__Aim of the exercise__. Set down exactly the lines below between the line holding "Photo of 4531" and the line holding "Ajax Peak House", inclusive; no other line belongs in the answer.

__Record extracts__.

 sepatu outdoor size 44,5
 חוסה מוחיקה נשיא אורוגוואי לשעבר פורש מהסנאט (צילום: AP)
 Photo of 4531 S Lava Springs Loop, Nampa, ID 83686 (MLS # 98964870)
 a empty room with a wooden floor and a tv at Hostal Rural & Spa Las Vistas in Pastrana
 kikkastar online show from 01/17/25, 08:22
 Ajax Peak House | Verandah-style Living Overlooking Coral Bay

---

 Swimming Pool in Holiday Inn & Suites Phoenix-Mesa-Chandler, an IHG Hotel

__Solved exercise__.
 Photo of 4531 S Lava Springs Loop, Nampa, ID 83686 (MLS # 98964870)
 a empty room with a wooden floor and a tv at Hostal Rural & Spa Las Vistas in Pastrana
 kikkastar online show from 01/17/25, 08:22
 Ajax Peak House | Verandah-style Living Overlooking Coral Bay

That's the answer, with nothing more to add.